2inquisitive said:
Mylar. Where did THAT come from? Oh, I know, you pulled it out of your arse like so much of your 'debunking' material.
Actually I got it from the Government Accounting Office. They published
The Roswell Report: Case Closed and it was on page 104. Look for the chemical name of the balloon material, which is called polyethylene. Mylar™ is the brand name for DuPont's polyethylene terephthalate. It was publicly available in the 1950s and therefore not a "common materials of the day" as Starman and VRob would like to believe. It's likely that there were other materials or gear on the balloons and payloads that a Cold War government would like to keep from being common knowledge -the kind of things that we wouldn't want Soviet analysts attempting to draw conclusions or inferences from. But the real question might be why you are interested in what might or might not be in my arse.

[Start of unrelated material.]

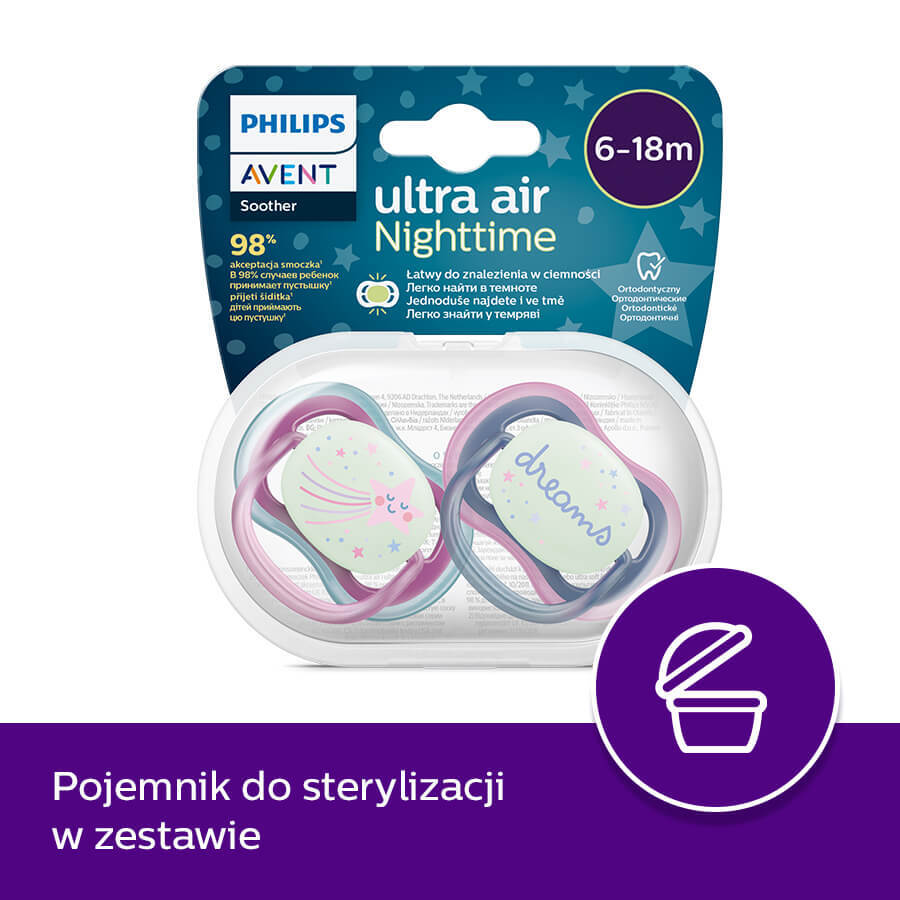 Avent Ultra Air Nighttime, chupete calmante, silicona, simétrico, brilla en la oscuridad, niña, SCF376/14, 6-18 meses, 2 piezas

That the materials weren't "common of the day" is important, because it would explain why they weren't immediately recognized by the people who found them. If you came across a torn up Mylar balloon today, you would likely recognize it as the sort you'd find in Walmart, even if it didn't say "Happy Birthday" and sport an image of
My Little Pony. But in the late 1940s and early 1950s, this sort of material would have been as alien as if it came from another world.
2inquisitive said:
Why not just state the balloons were made of 'secret carbon nanotubes' and make it sound real impressive.
Two reasons: 1) I don't know what a 'carbon nanotube' would be and, 2) the officially released information states that they were polyethylene, otherwise known as Mylar.
After all, neither Mylar nor carbon nanotubes existed in 1947.
Ahem:
Read this PDF and note how Mylar™ was
introduced to the public in the early 1950s. Roswell occurred in 1947. Moreover, the GAO states in its own report that the material was polyethylene (a.k.a. Mylar™ ).
2inquisitive said:
It takes about 60 seconds on google to find out
... that the internet is
popular culture, not necessarily the end all, be all of information. Look past the woo-woo sites into the primary sources for a change. i.e. DuPont, Inc. and the GAO. Oh... yeah, you don't trust the government. Oh well.
The problem with rubber balloons was that they
expanded as the gas expanded, thus bursting as they gained altitude. The polyethylene/Mylar balloons didn't. Altitude was what was important, since the goal was to gain as high an altitude as possible. Perhaps the earlier balloons were, indeed, constructed of neoprene, prompting the use of the new material of Mylar. But let's not overlook the fact that Roswell is near the White Sands Proving Grounds, just where you would expect such operations to occur. Perhaps the
Case Closed reference (p. 104) is in regard only to Operation High Dive, but the difference in time is negligible and because of the altitudes Operation Mogul was attempting to achieve, just neoprene wasn't going to work. The Operation Mogul balloon series may have had a combination of neoprene and polyethylene since they used a "string" of balloons and the Mylar™ balloons weren't filled to capacity in order to allow expansion of the gas. The neoprene balloons may have been used to provide initial lift.
There are a lot of possibilities regarding Project Mogul and Project High Dive as far as operationally how they were done and the appearance of the debris they left. What is certain is that these types of missions were conducted. First, we have photographic record as well as some operational records as released by the Department of Defense, GAO, et al, which depict these operations. Second, they are exactly the
kind of operations that would have been necessary in a post-WWII, Cold War United States in order to gain intelligence and improve flight technologies.
That people perpetuate the
mythology surrounding Roswell isn't surprising. Humans live for a good myth it seems.